Integrate with updated SegmentStatistics

fedorov commented 7 years ago

It would be good to start integrating with the code being developed in #161 to see if there are any gaps and more fully test the new functionality.

chribaue commented 7 years ago

@fedorov @che85 I made some changes to the segment statistics logic. It stores now measurement information together with the measurements themselves to avoid potential inconsistencies in case a user would modify the scalar volume reference before exporting the data to a table.

che85 commented 7 years ago

Ok a few more changes in https://github.com/chribaue/Slicer/pull/7 and then it would be ready for integrating into Slicer I think.

chribaue commented 7 years ago

@che85 I merged your pull request and will test it on my machine to make sure everything works as it should. Thank you for your contribution!

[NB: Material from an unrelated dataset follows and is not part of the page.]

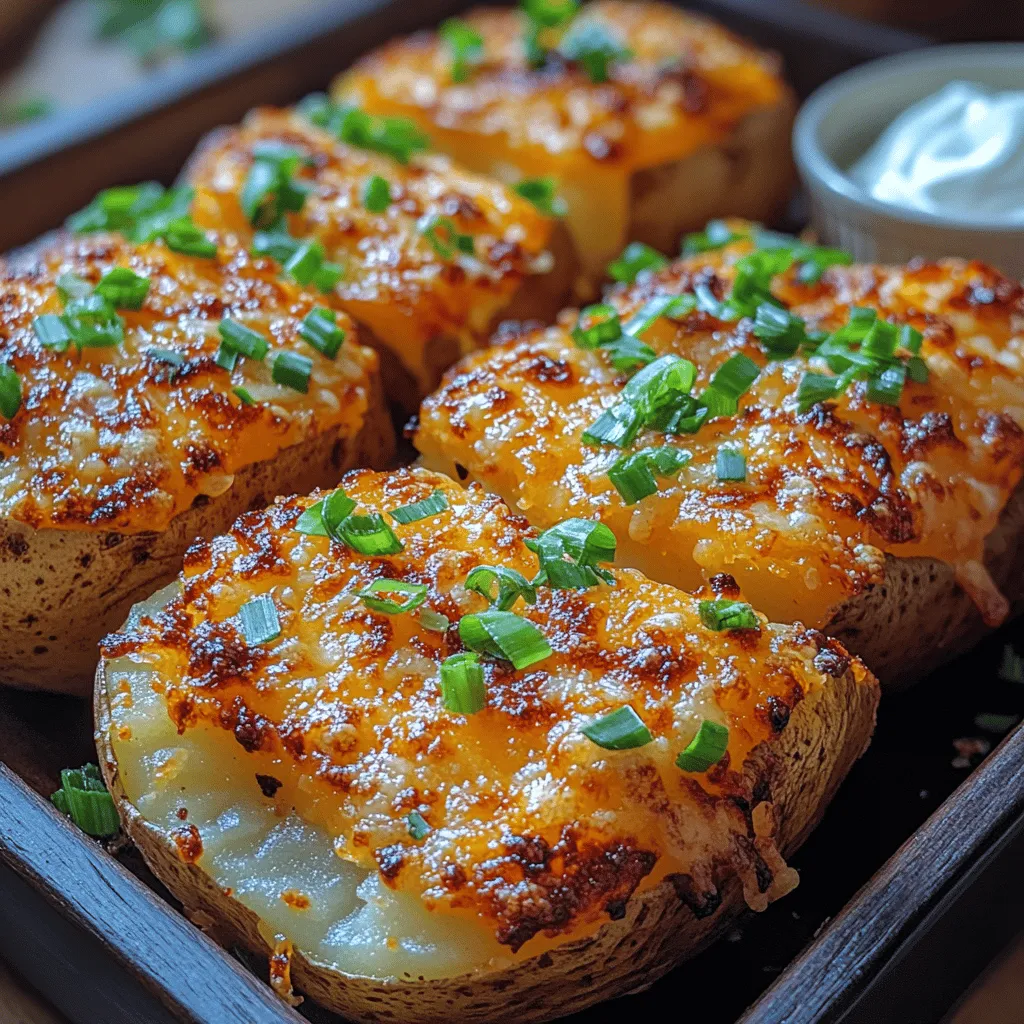 Welcome to the delightful world of crispy garlic potato skins, a dish that marries simplicity with gourmet appeal. Whether you're hosting a casual get-together, throwing a game-day party, or simply indulging in a cozy night at home, these crispy bites are sure to please. Their allure lies not only in their texture but also in their versatility—potatoes can be transformed from a humble staple into a crunchy, cheesy delight that will impress anyone who tries them. This recipe is straightforward, ensuring that even novice cooks can create a savory treat that rivals those found in the finest restaurants.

fedorov commented 7 years ago

Great progress, thank you both!

fedorov commented 7 years ago

@che85 when I reload the report from DICOM, tooltip shows CodeValue for units. When I create the report, it shows CodeMeaning - this should be consistent

fedorov commented 7 years ago

there are other minor issues like inconsistencies like capitalization and we might need to think how to keep info about the plugin name, but we can do this later. Looks ok to me!

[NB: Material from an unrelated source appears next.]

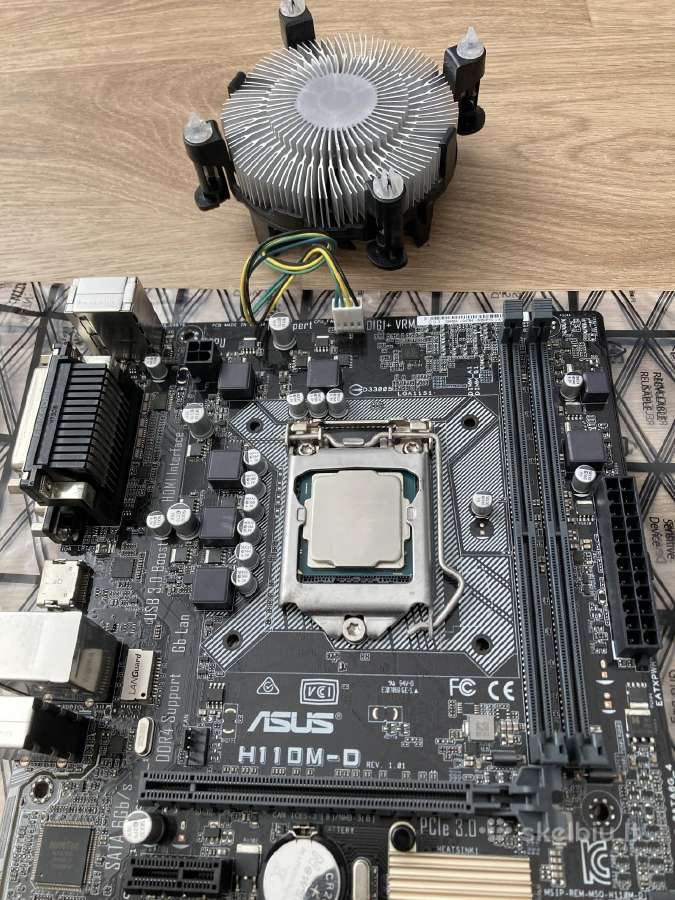 Asus H110m-d motininė plokštė - nuotraukos Nr. 6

che85 commented 7 years ago

The way those information are populated from SegmentStatistics is:

measurementInfo = statistics["MeasurementInfo"][key] if key in statistics["MeasurementInfo"] else {}
columnName =  measurementInfo['name'] if measurementInfo and 'name' in measurementInfo else key
columnName += ' ['+calculator.id+']' if (calculator and len(calculatorsWithResults)>1) else ''
col.SetName( columnName )
if measurementInfo:
  for mik, miv in measurementInfo.iteritems():
    if mik=='name':
      table.SetColumnLongName(columnName, str(miv))
    elif mik=='description':
      table.SetColumnDescription(columnName, str(miv))
    elif mik=='units':
      table.SetColumnUnitLabel(columnName, str(miv))
    else:
      table.SetColumnProperty(columnName, str(mik), str(miv))

Since we don't have the exact same information when reading DICOM, how should I proceed?

che85 commented 7 years ago

It's done this way when reading DICOM SR:

for measurementItem in measurement["measurementItems"]:
  col = table.AddColumn()

  unit = measurementItem["units"]["CodeMeaning"]

  if "derivationModifier" in measurementItem.keys():
    description = columnName = measurementItem["derivationModifier"]["CodeMeaning"]
  else:
    description = measurementItem["quantity"]["CodeMeaning"]
    columnName = "%s %s" % (description, measurementItem["units"]["CodeValue"])
    description = "%s in %s" % (description, unit)

  col.SetName(columnName)
  table.SetColumnLongName(columnName, columnName)
  table.SetColumnUnitLabel(columnName, unit)
  table.SetColumnDescription(columnName, str(description))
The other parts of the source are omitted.